Adding a bounty to try and attract a broader range of answers that not only confirm my existing suspicion that it is a good thing to do, but also some good reasons against.

I'm aiming to write this question up later with pros and cons to try and show management that it's worth spending the man hours on moving the future development of the product to TDD. I want to approach this challenge and develop my reasoning without my own biased point of view.
- Ralph Sinsuat almost 14 years
  
  Obligatory link to Michael Feathers' book on the topic: amazon.com/Working-Effectively-Legacy-Michael-Feathers/dp/…
- djdd87 almost 14 years
  
  @Mark - Thanks, it's in the link I provided. I was hoping to get a decent answer without buying another book... although you can never have too many books (unless you want to get work done that is).
- manuel aldana almost 14 years
  
  You really need to read this book :) It is one of my favorites and really helps to understand the tension between refactoring and automated-testing.
Roopesh Shenoy almost 14 years

And I urge you to read this - joelonsoftware.com/items/2009/01/31.html
Ihor Kaharlichenko almost 14 years

Would you prefer to 'fix pending bugs' or prevent them from arising? Proper unit testing does save time by minimizing the amount of time spent on bug-fixing.
Roopesh Shenoy almost 14 years

That's a myth. If you are telling me that automated unit tests are a replacement for manual testing, then you are seriously, seriously mistaken.

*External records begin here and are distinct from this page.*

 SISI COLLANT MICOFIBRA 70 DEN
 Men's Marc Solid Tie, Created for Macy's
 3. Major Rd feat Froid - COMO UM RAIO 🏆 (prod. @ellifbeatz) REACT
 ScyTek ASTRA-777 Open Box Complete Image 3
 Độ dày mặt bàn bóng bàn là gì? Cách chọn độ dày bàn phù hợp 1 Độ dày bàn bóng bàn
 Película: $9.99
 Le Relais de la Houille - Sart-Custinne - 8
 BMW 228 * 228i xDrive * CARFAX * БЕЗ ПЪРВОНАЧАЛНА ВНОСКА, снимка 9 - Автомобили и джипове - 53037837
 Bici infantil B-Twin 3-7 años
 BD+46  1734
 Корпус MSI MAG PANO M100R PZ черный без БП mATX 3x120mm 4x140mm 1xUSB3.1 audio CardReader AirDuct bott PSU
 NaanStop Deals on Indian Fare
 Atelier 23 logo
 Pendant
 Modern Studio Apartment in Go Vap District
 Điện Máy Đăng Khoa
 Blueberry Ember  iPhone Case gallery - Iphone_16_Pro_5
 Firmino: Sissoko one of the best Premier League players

And what do manual testers log, if not bugs?
Roopesh Shenoy almost 14 years

And yeah dont get me wrong - Im not saying unit tests are an absolute waste - the point is considering the time it takes to write them and the reasons for which they might have to change when you change your product, do they really pay back.. for me I have tried both sides and the answer has been no, they dont pay back fast enough.
Donal Fellows almost 13 years

If the code is split up reasonably well from the beginning, it's fairly easy to test it. The problem comes when you've got code that is messily all stitched together and where the only test points exposed are for full integration tests. (I have code like that where testability is nearly zero because of the amount that it relies on other components that aren't easy to mock, and where deployment requires a server reboot. Testable… but hard to do well.)